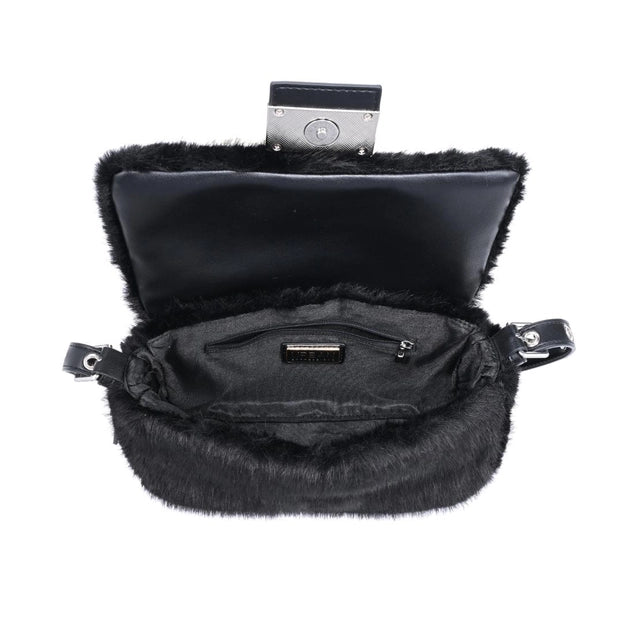 Urban Expressions Beverly - Faux Fur Crossbody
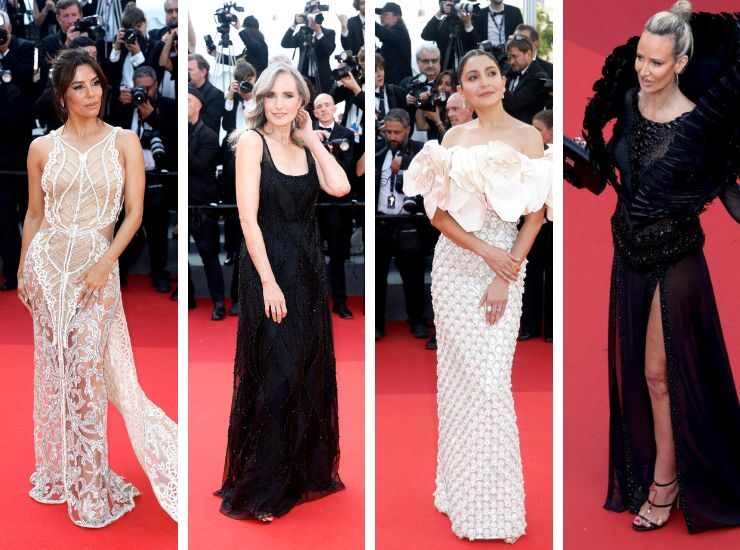 Cannes 2023 undicesimo red carpet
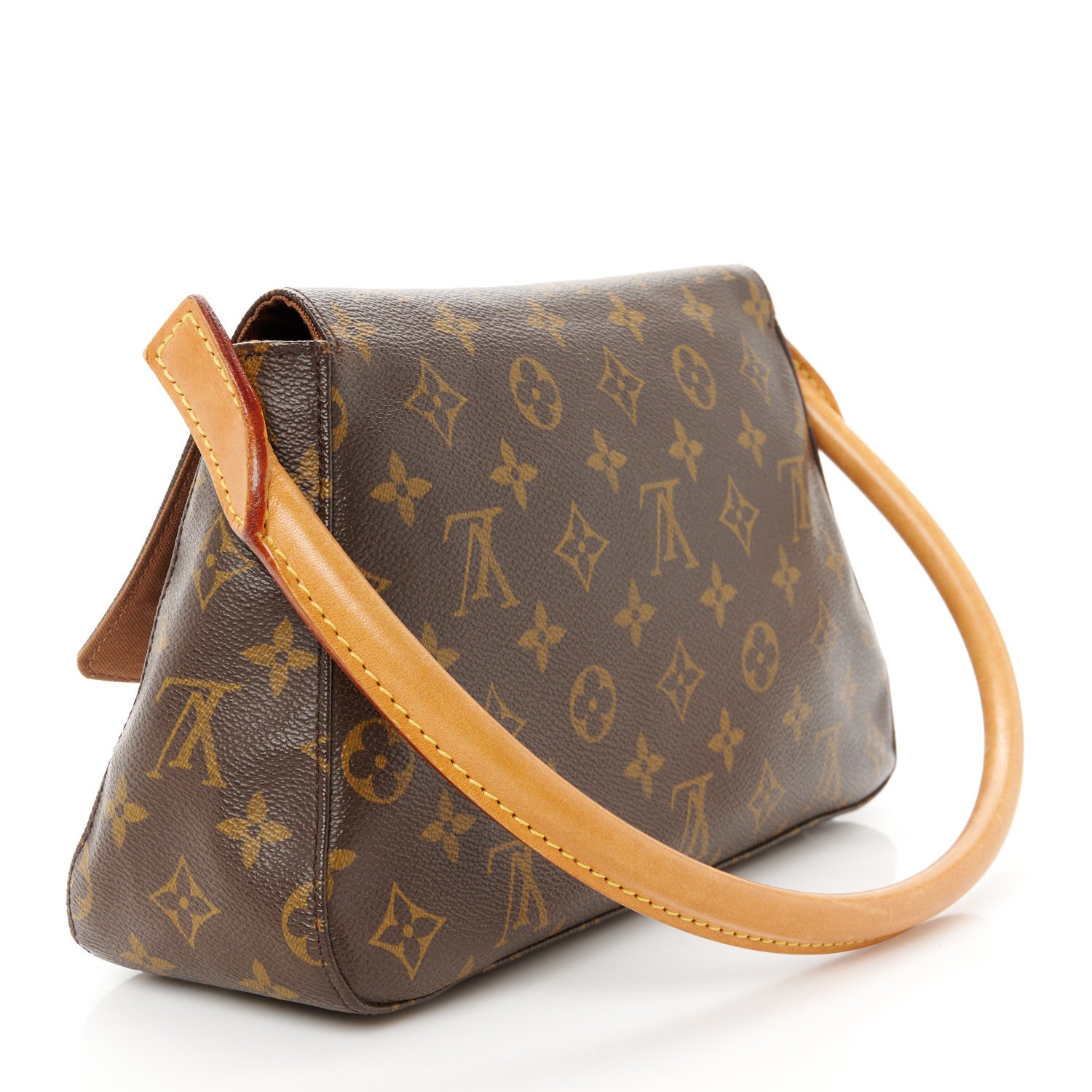 Louis Vuitton Monogram Mini Looping 3 of 13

> **Work request**: Your output should be the lines from the line containing "Cannes 2023 undicesimo red carpet" through the last line of the listing above, restated exactly, with no pictures among them.

> **Exercise response**:
 Cannes 2023 undicesimo red carpet
 Louis Vuitton Monogram Mini Looping 3 of 13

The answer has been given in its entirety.